Consumers on top or bottom?

By Michael Fraase

Sunday, 10 August 2003 04:15PM CST

Section: Business

The Washington Post needs to get its story straight. “We’re Empowered, By the Internet and Intense Competition” says the consumers are on top. Same issue, same section, same page; “We’re Manipulated: Marketers Pounce on Our Weaknesses” says consumers’ sense of empowerment is all an illusion.

Margaret Webb Pressler’s rah-rah piece on consumers being in charge maintains that we’ve managed to wrest control from the distributors, manufacturers, and retailers; in that order, since the late 1700s. Pressler sources from Roger Blackwell, a marketing professor at Ohio State University, who amazingly opines that “Today WalMart asks the consumer what should be on the shelves.”

On the contrary; WalMart, in most parts of the United States, determines what our kids see and hear.
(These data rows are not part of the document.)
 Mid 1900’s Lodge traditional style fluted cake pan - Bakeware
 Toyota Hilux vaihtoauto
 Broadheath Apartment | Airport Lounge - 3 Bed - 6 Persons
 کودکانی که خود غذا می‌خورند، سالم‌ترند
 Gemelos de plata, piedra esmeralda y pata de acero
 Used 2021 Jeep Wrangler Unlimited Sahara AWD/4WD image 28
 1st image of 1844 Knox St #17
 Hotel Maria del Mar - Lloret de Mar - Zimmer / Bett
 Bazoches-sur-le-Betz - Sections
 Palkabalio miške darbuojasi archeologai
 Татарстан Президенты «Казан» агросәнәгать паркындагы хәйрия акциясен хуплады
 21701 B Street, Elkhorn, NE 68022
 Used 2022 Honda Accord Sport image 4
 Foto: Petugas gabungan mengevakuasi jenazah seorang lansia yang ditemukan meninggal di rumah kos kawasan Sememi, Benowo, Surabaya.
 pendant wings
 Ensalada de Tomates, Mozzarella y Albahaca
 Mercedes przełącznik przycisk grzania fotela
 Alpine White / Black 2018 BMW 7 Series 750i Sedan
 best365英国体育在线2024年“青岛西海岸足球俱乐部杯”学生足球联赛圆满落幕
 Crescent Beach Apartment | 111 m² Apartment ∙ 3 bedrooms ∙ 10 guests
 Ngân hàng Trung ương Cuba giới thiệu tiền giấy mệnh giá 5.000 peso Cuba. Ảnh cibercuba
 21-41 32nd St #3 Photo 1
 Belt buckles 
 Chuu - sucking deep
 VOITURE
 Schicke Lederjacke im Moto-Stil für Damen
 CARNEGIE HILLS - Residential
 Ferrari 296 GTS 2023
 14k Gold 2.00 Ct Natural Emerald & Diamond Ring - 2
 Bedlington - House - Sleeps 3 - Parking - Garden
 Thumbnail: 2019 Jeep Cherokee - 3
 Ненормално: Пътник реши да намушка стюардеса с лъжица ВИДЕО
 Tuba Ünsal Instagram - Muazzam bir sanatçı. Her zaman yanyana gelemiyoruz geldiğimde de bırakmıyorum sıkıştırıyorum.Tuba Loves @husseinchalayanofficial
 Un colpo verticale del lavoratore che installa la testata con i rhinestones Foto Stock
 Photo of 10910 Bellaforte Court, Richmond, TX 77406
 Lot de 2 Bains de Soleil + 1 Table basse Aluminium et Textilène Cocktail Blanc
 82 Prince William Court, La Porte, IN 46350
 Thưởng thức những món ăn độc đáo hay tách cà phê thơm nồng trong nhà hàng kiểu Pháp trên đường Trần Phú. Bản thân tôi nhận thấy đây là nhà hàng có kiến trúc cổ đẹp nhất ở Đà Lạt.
Neither Washington Post piece bothers to mention how WalMart bans outright certain material from its stores and bullies mainstream recording artists and authors to create “sanitized” versions of their work for sale within the vaunted aisles of the mega-retailer. In cities large enough to support independent retailers, it’s an annoyance; in locations where WalMart is the only game in town, it’s much more than that.

Meanwhile, Dina ElBoghdady’s article points out that the bulk of American consumers are too lazy to file rebates with manufacturers, calculate the cheapest interest rate, or avoid late fees. Rebates are everywhere because manufacturers understand that only 5% - 40% of all consumers will redeem rebates. And only a small percentage of those will complain if the rebate doesn’t materialize. Credit card companies have been pressured by “consumer preferences” to abandon annual fees and now make up revenue on late fees. To the tune of US$8 billion per year, accounting for about 8% of total revenues (annual fees accounted for only 3% of total revenues).

Top or bottom? It doesn’t much matter—we’re getting screwed coming and going.